Tesla has opened up its online configurator to allow buyers to choose options. But they will have to wait for delivery, the first Tesla Model X SUVs not expected to reach U.S. buyers until early in the new year. And the company plans to start deliveries with the top-line Model X P90D. There’ll be an even longer wait for the base car.
That’s probably not a big deal considering the Model X is already more than two years behind schedule due to challenges Tesla CEO Elon Musk acknowledged were well beyond the company’s expectations. Where the California carmaker originally expected the new ute to make extensive use of parts and components carried over from the Model S sedan, it ultimately required a near complete makeover.
Along with its extended-range battery drive system – which will deliver an estimated 257 miles with the biggest available lithium-ion pack – the new Tesla Model X will feature distinctive “falcon” doors. The design is similar to the upward-opening doors seen on products like the old Mercedes-Benz SLR, but as they open, they make an origami-like fold that allows the doors to operate in closed spaces like a garage.
(Tesla launches new, semi-autonomous Autopilot system. Click Here to learn more.)
There initially will be three available versions of the Model X, the base 70D, which uses a 70 kilowatt-hour battery good for an EPA-estimated 220 miles per charge. It will boast a top speed of 140 miles per hour and make 60 in six seconds even. That’s 0.8 seconds slower than the Model S P70 sedan – and $5,000 more.
The Tesla Model X 90D will get a 257-mile, 90 kWh lithium battery. Top speed jumps to 155 mph, with its 0 to 60 time cut to 4.8 seconds.
The top-line Tesla X P90D shares the same battery pack but gets Tesla’s new air suspension. Tuned for quick launches, it can hit 60 in 3.8 seconds – or 3.2 seconds with the optional Ludicrous Mode. That added performance trims range to 250 miles, however.
Taking a tip from German rivals like Porsche, who find ways to charge for just about every feature short of the air in the tires, Tesla will hit buyers for another $3,000 for a 6-seat model, $4,000 for the 7-seat version. Check the box for the Premium Package and expect to spend another $4,500. And for those living in the Snowbelt, there’s a $1,000 subzero package.
On the plus side of the ledger, the Tesla Model X will qualify for the federal $7,500 electric vehicle credit, and a number of states, including California, have additional incentives on the books.
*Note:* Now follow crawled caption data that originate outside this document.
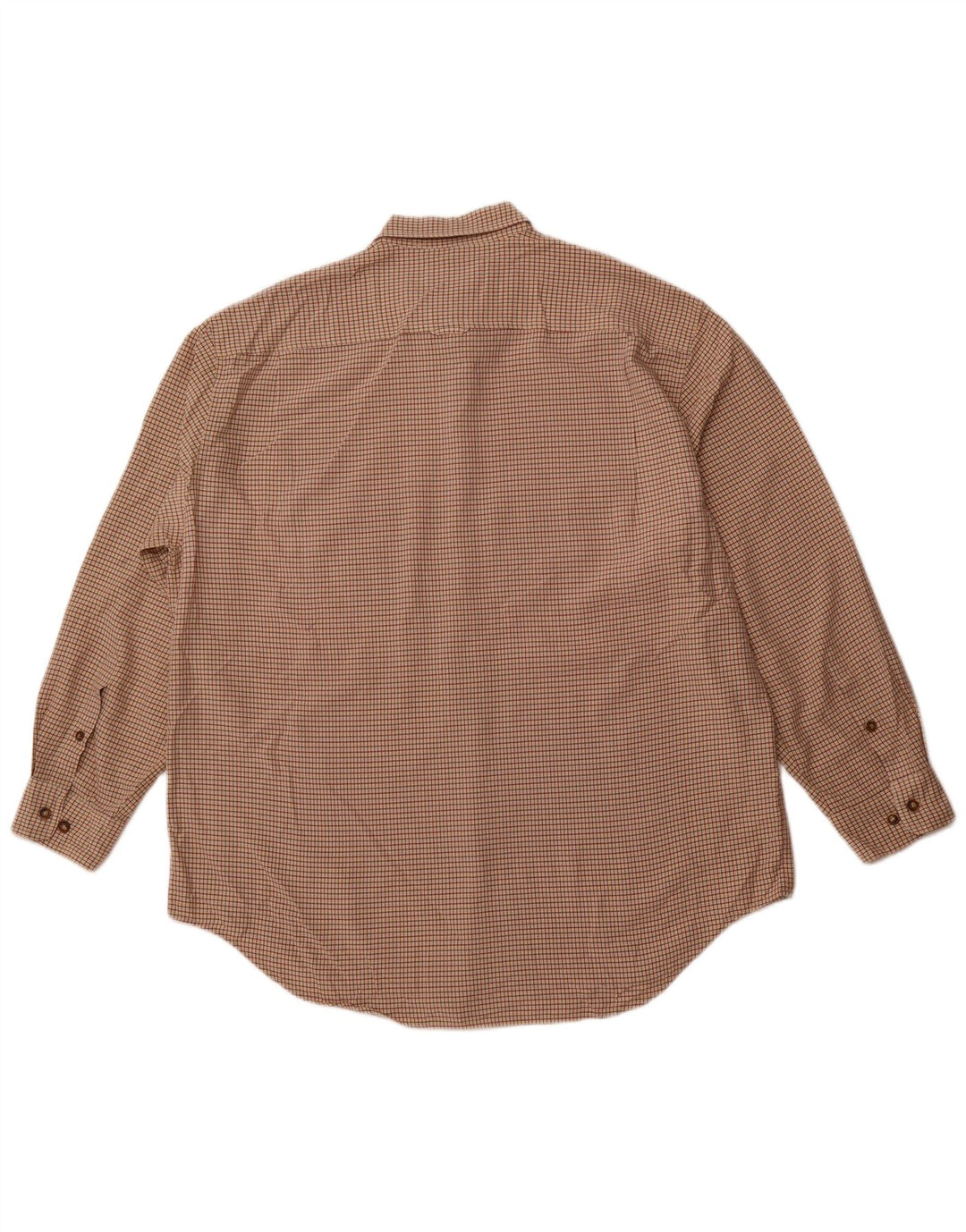 Orvis Herrenhemd XL Beige kariert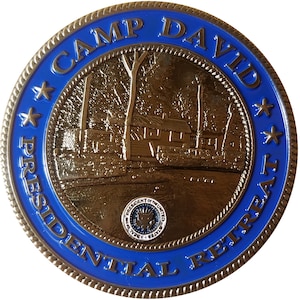 Camp David Presidential Retreat Whitehouse Special Missions Command Challenge Coin (38)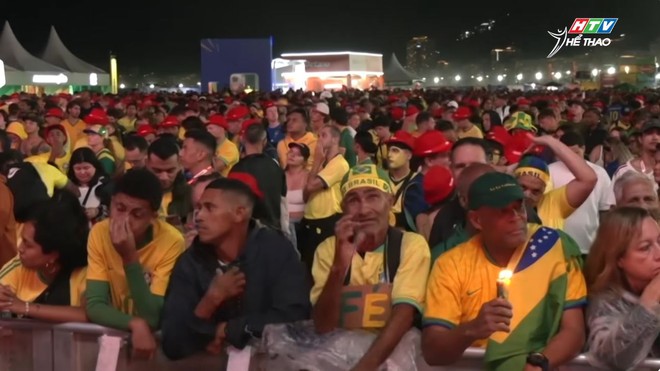 Thêm một kỳ World Cup dang dở của Brazil- Ảnh 2.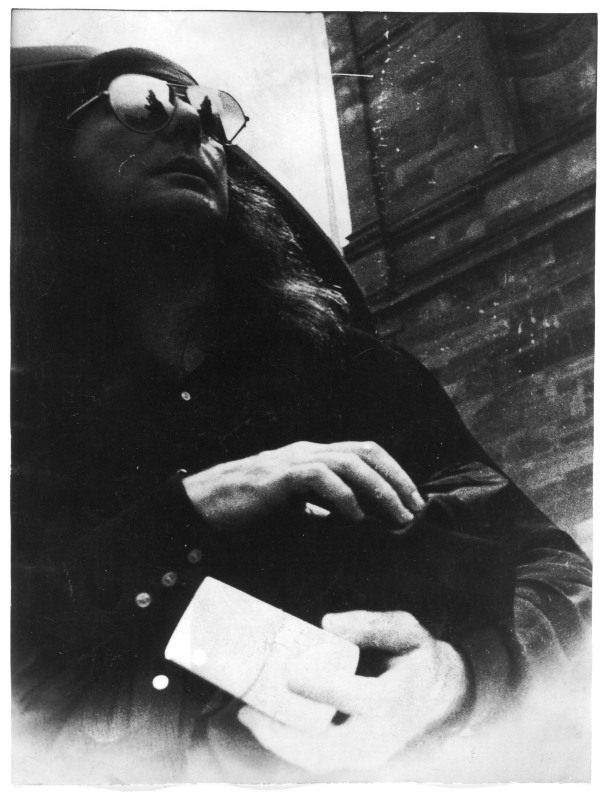 Sigmar Polke, “James Lee Byars”, 1972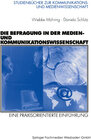 Buchcover Die Befragung in der Medien- und Kommunikationswissenschaft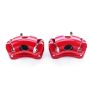 PowerStop S2048 Red Powder Coated Calipers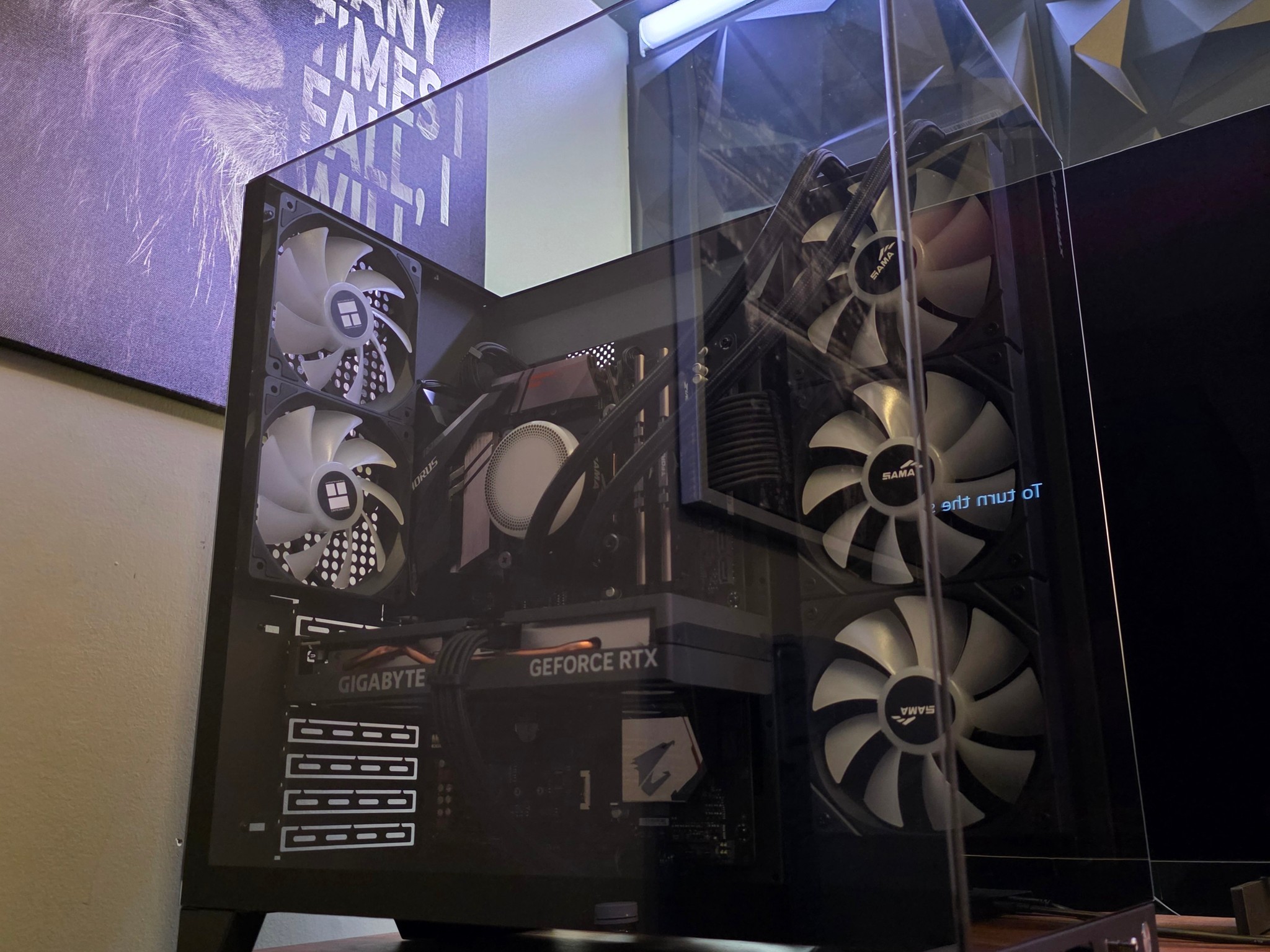 RTX 4060 + RYZEN 7 5700 PC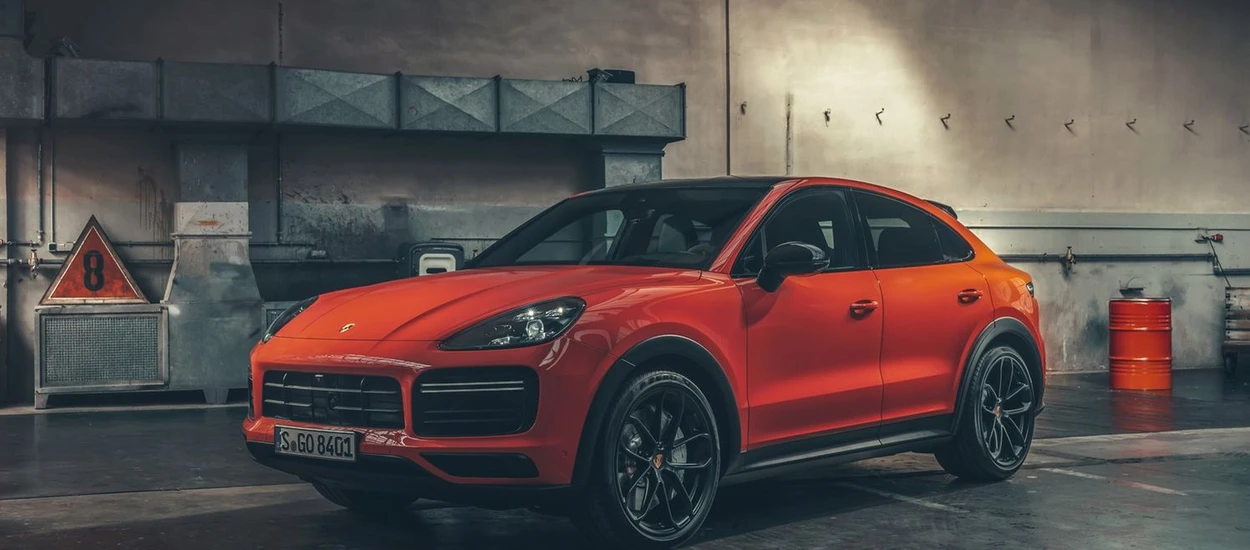 Porsche prezentuje Cayenne Coupe, sportowego SUVa z charakterem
Tesla also claims buyers can expect to save about $9,000 in fuel costs over the first five years of ownership.
The maker claims to have thousands of orders already on the books. It remains to be seen, however, how much, if any, impact it will suffer as a result of recent quality and reliability problems.
The maker last week ordered the recall of every single Model S it has so far produced because of a problem that could cause a seatbelt to come loose.
(For more on the Tesla recall, Click Here.)
But that’s only one of the problems the maker has experienced lately. Last spring, widely followed Consumer Reports magazine reported that a test version of the Model S was “undriveable” due to various problems, including faulty electric door handles. But, two months later the magazine announced the battery sedan had effectively broken its test process, delivering more than a perfect score.
Last month, CR zigged back, announcing that, as part of its annual owner survey, the Model S was losing its “Recommended Buy” endorsement due to serious reliability issues.
It remains to be seen how Tesla will address the issue of quality and reliability with the new Model X.
The company plans to deliver the Tesla Model X P90D model first, starting early in 2016. The 90D will follow by mid-year. The base, $80,000 70D won’t reach owners until late in 2016.
Tesla plans to ramp up production through 2016, eventually reaching around 1,800 vehicles a week. That would mark a roughly 80% increase in its current output.